Copy out the data exactly as it appears, without a single image.
___ MATERIAL PROVIDED
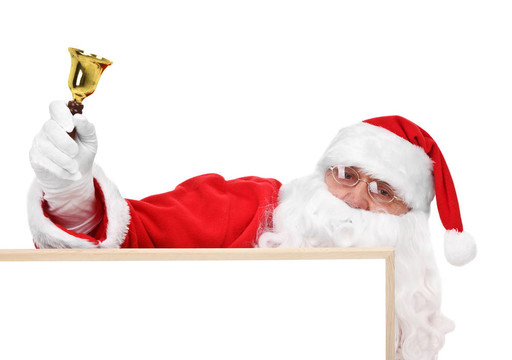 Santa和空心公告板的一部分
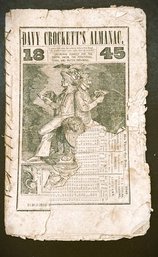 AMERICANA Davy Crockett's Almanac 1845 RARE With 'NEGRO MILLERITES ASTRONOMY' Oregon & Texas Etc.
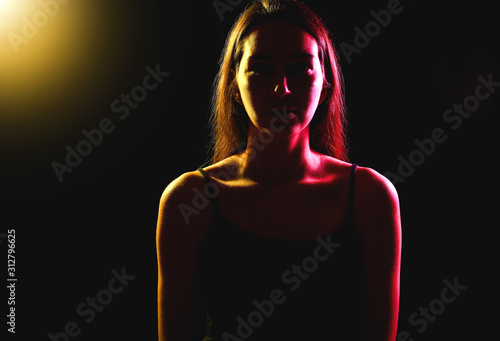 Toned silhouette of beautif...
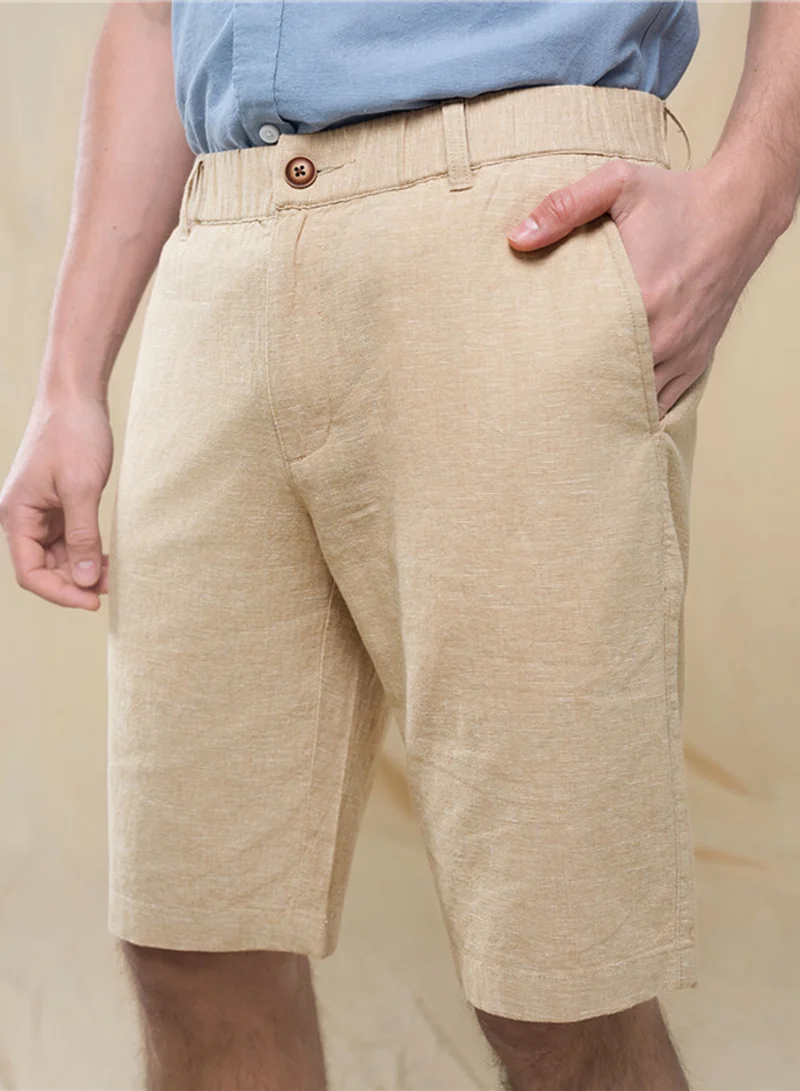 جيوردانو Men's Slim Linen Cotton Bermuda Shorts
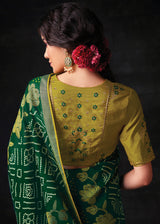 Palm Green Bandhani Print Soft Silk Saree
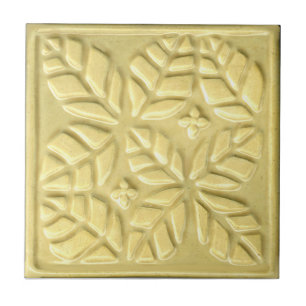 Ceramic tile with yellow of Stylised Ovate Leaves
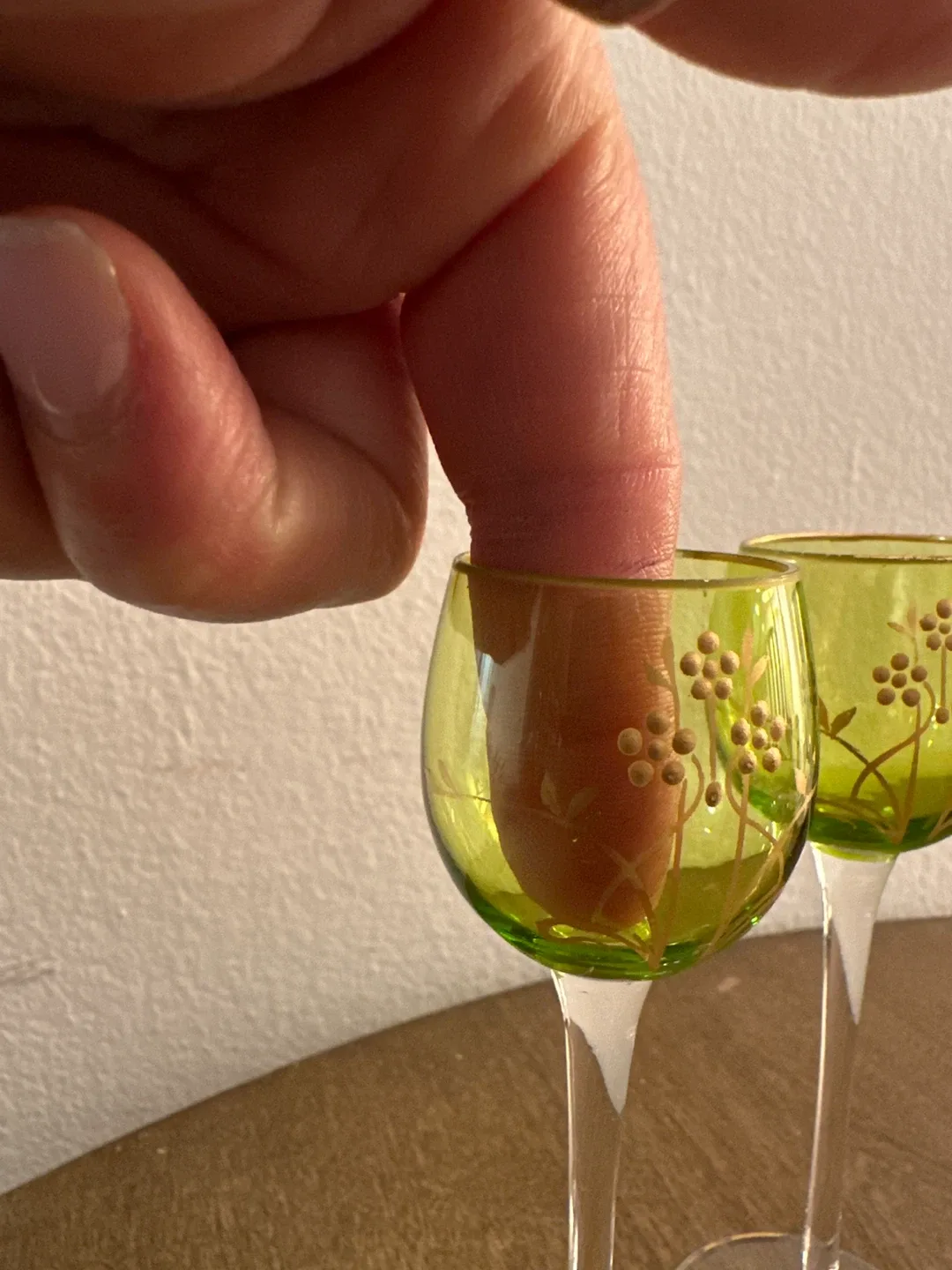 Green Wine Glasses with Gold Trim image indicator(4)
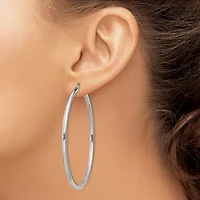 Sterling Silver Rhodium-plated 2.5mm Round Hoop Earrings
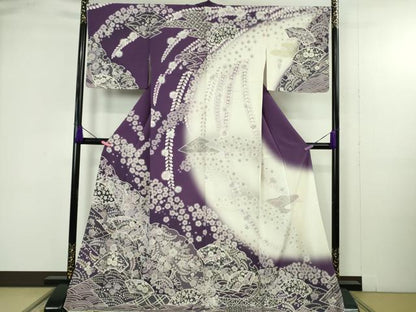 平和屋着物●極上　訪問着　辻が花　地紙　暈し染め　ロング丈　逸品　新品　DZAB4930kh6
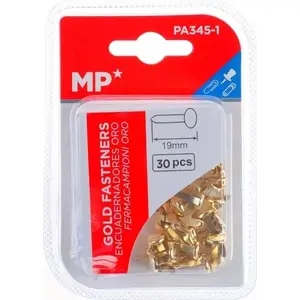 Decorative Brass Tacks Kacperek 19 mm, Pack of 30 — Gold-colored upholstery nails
______
SOLVED EXERCISE:
 Santa和空心公告板的一部分
 AMERICANA Davy Crockett's Almanac 1845 RARE With 'NEGRO MILLERITES ASTRONOMY' Oregon & Texas Etc.
 Toned silhouette of beautif...
 جيوردانو Men's Slim Linen Cotton Bermuda Shorts
 Palm Green Bandhani Print Soft Silk Saree
 Ceramic tile with yellow of Stylised Ovate Leaves
 Green Wine Glasses with Gold Trim image indicator(4)
 Sterling Silver Rhodium-plated 2.5mm Round Hoop Earrings
 平和屋着物●極上　訪問着　辻が花　地紙　暈し染め　ロング丈　逸品　新品　DZAB4930kh6
 Decorative Brass Tacks Kacperek 19 mm, Pack of 30 — Gold-colored upholstery nails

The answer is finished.